[[ INFORMATION GIVEN open ]]
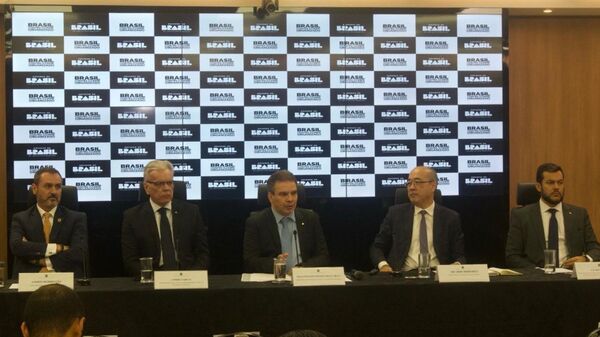 Alta dos combustíveis leva governo a reforçar fiscalização nacional - Sputnik Brasil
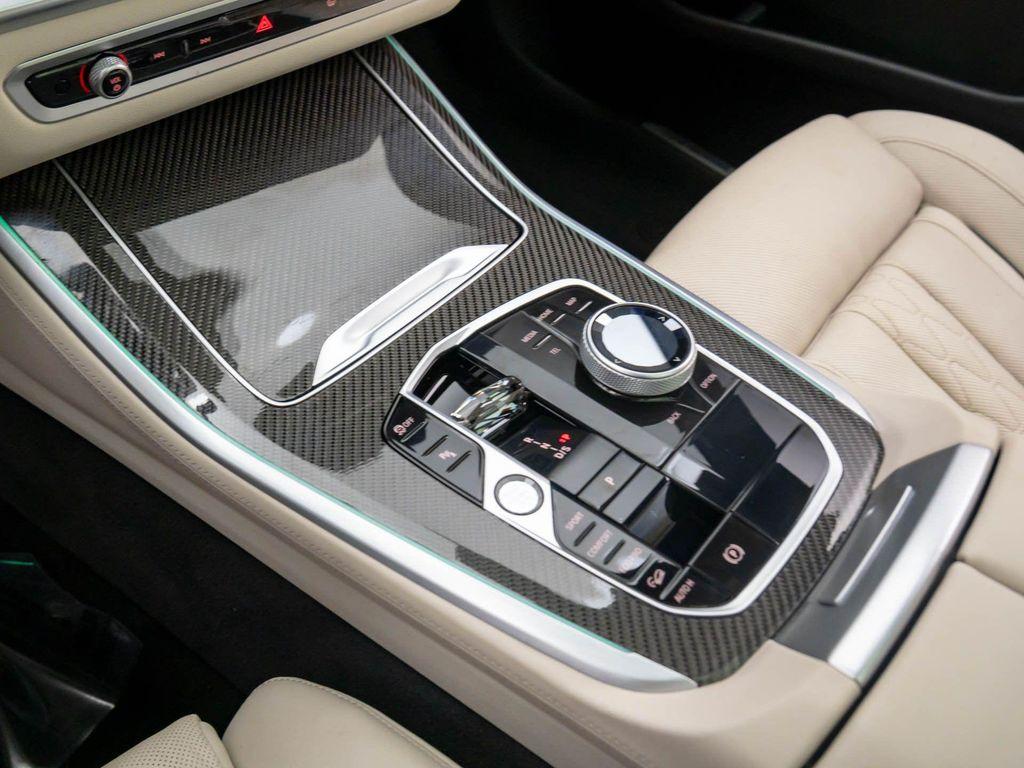 used 2024 BMW X5 car, priced at $80,900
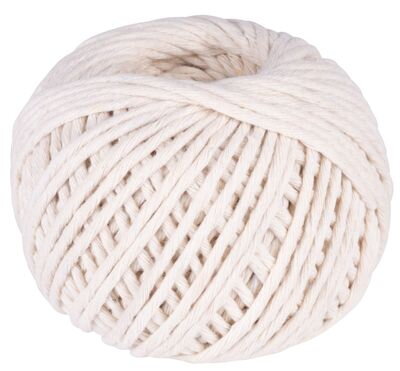 Motúz Cotton, 45 m/70 g, bavlna, BallPack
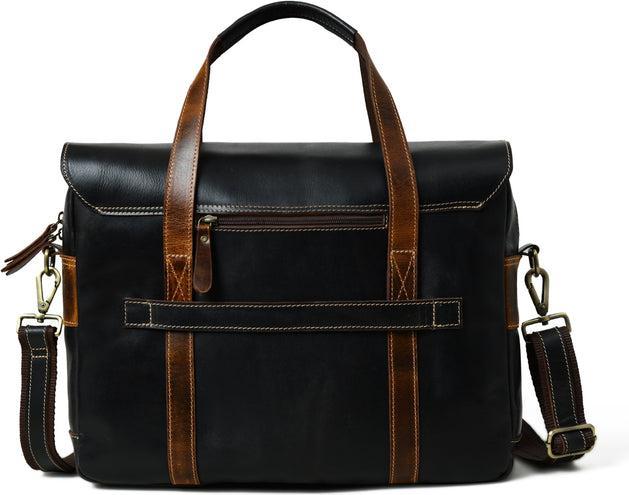 Image du produit Only-Bags.Store Walker Office Travel Top Handle Sac à main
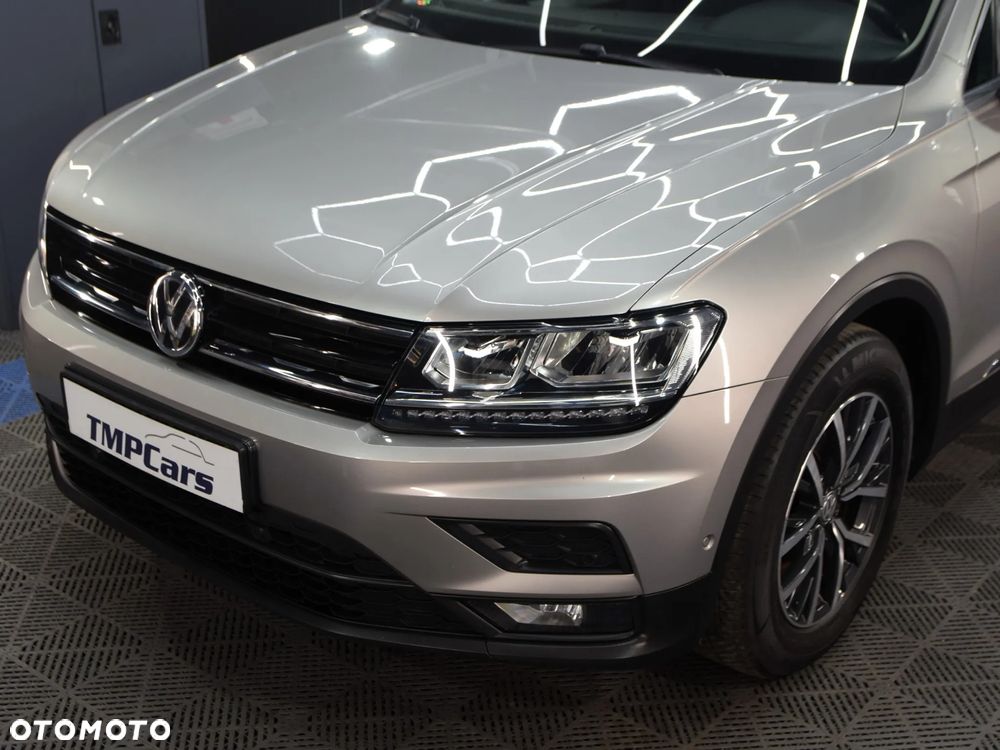 Volkswagen Tiguan 1.5 TSI ACT DSG OPF Comfortline - 15
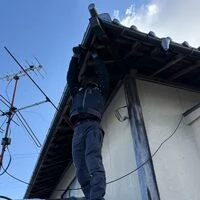 画像18417：屋根防水・塗装工事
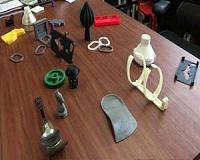 S.Africa medics use 3-D printer for middle ear transplant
[[ INFORMATION GIVEN closed ]]
— BRIEF —
Copy the records above exactly, omitting every picture.

— ANSWER —
 Alta dos combustíveis leva governo a reforçar fiscalização nacional - Sputnik Brasil
 used 2024 BMW X5 car, priced at $80,900
 Motúz Cotton, 45 m/70 g, bavlna, BallPack
 Image du produit Only-Bags.Store Walker Office Travel Top Handle Sac à main
 Volkswagen Tiguan 1.5 TSI ACT DSG OPF Comfortline - 15
 画像18417：屋根防水・塗装工事
 S.Africa medics use 3-D printer for middle ear transplant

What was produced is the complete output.